Supplied data>

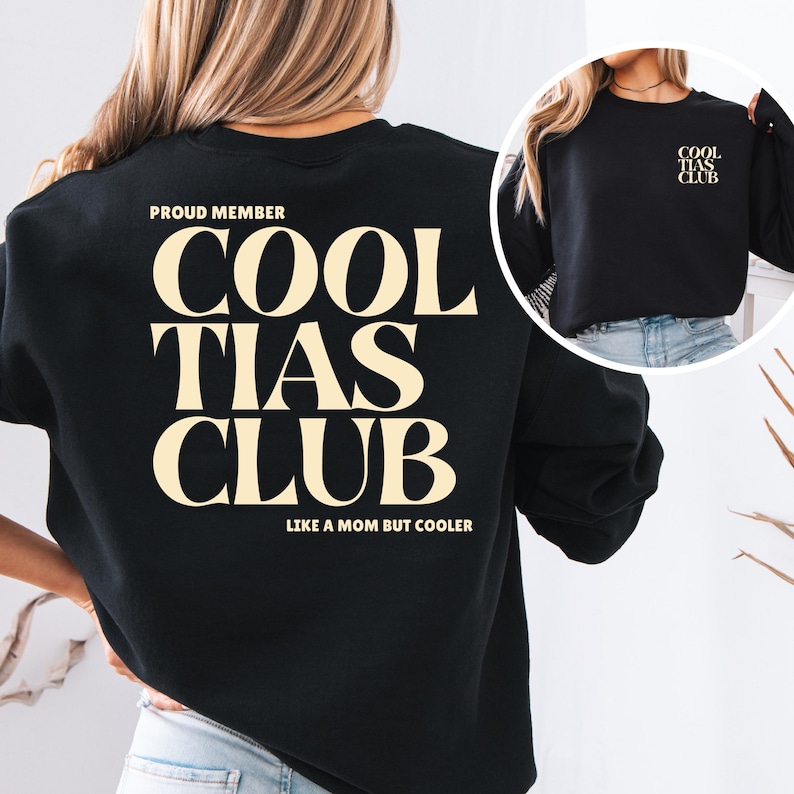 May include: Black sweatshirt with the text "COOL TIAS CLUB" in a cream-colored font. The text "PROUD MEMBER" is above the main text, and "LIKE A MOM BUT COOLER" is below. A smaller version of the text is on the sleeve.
...
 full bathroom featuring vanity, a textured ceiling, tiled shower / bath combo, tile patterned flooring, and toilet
---
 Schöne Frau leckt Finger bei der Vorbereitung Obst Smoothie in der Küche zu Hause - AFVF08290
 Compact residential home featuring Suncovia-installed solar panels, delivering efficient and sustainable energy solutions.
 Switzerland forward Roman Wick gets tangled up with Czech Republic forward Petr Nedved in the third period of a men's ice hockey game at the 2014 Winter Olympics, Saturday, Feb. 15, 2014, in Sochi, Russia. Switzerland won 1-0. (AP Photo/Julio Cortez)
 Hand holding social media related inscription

Work to complete>
Whatever else the listing above holds, retype exactly only the lines from the one containing "Compact residential home" to the one containing "Hand holding social", both ends kept.

Task result>
 Compact residential home featuring Suncovia-installed solar panels, delivering efficient and sustainable energy solutions.
 Switzerland forward Roman Wick gets tangled up with Czech Republic forward Petr Nedved in the third period of a men's ice hockey game at the 2014 Winter Olympics, Saturday, Feb. 15, 2014, in Sochi, Russia. Switzerland won 1-0. (AP Photo/Julio Cortez)
 Hand holding social media related inscription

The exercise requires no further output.